In deze zaak gaat het om een hoger beroep van een belanghebbende die in Marokko woont en geen inkomen in Nederland heeft. Haar echtgenoot woont in Nederland en heeft wel inkomen. Tot en met 2014 ontving de belanghebbende de algemene heffingskorting, omdat zij had gekozen voor een behandeling als binnenlandse belastingplichtige. Echter, met ingang van 2015 is deze regeling afgeschaft en is het van belang of zij kan worden aangemerkt als kwalificerende buitenlandse belastingplichtige. Dit kan alleen als iemand in een andere EU-lidstaat, EER-staat, Zwitserland of op de BES-eilanden woont, wat in dit geval niet het geval is. Het hof oordeelt dat de belanghebbende vanaf 2015 geen recht meer heeft op de algemene heffingskorting en dat er geen sprake is van ongeoorloofde discriminatie.

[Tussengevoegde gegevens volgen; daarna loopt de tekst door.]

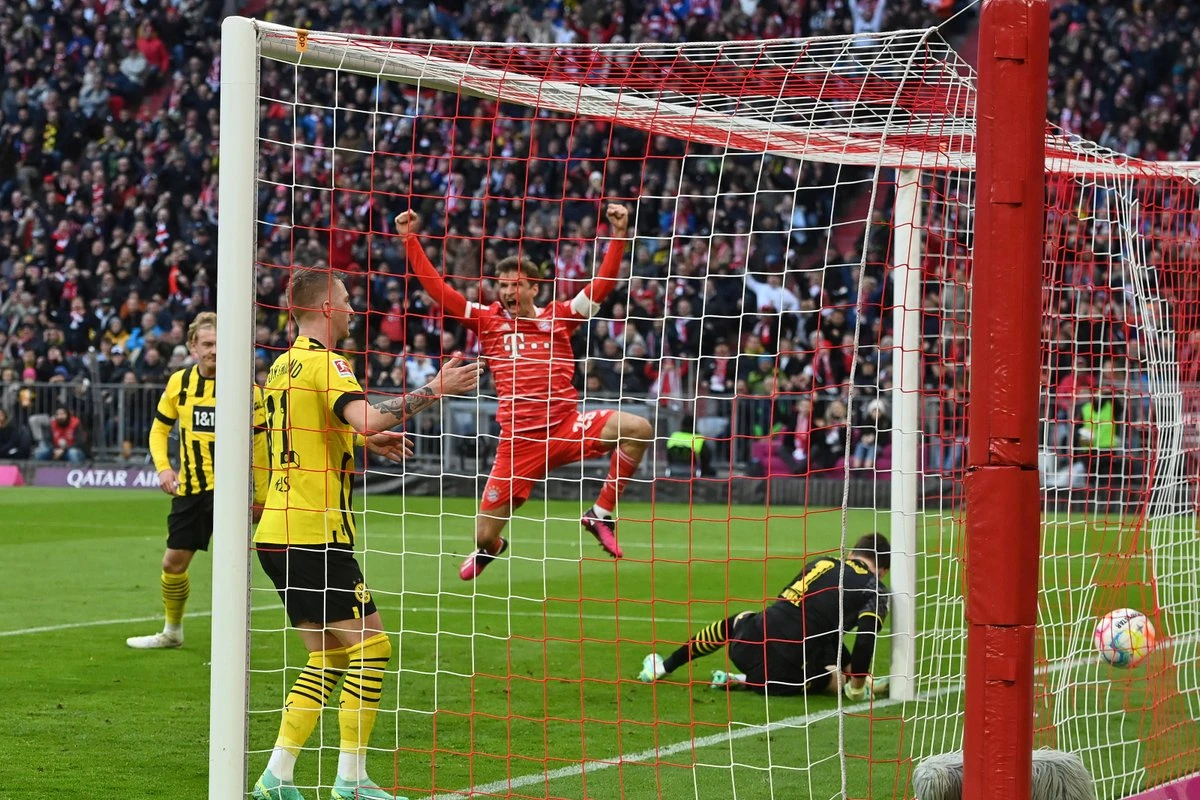 Tuchel na klupi Bayerna startao uvjerljivom pobjedom u Der Klassikeru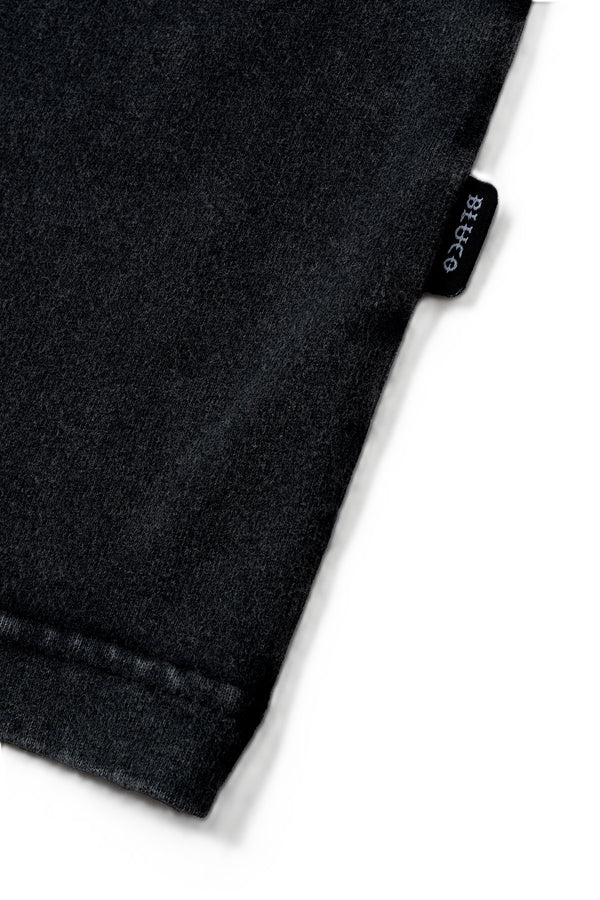 BLUCO - PIGMENT OVER T-SHIRTS - BLACK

De inspecteur had nihilaanslagen inkomstenbelasting en premievolksverzekeringen voor de jaren 2015 en 2016 opgelegd, waartegen de belanghebbende bezwaar had gemaakt. De rechtbank verklaarde de beroepen ongegrond, waarna de belanghebbende hoger beroep instelde. Het hof heeft de zaak zonder zitting behandeld, omdat geen van de partijen gebruik wilde maken van het recht om te worden gehoord.
Het geschil draait om de vraag of de belanghebbende recht heeft op uitbetaling van de heffingskorting op basis van de Wet inkomstenbelasting 2001. De rechtbank heeft overwogen dat de belanghebbende niet kan worden aangemerkt als kwalificerende buitenlandse belastingplichtige, omdat zij geen inwoner is van de in de wet genoemde landen. Het hof bevestigt deze oordelen en concludeert dat het hoger beroep ongegrond is. De uitspraak van de rechtbank wordt bevestigd en er zijn geen redenen voor een veroordeling in de proceskosten.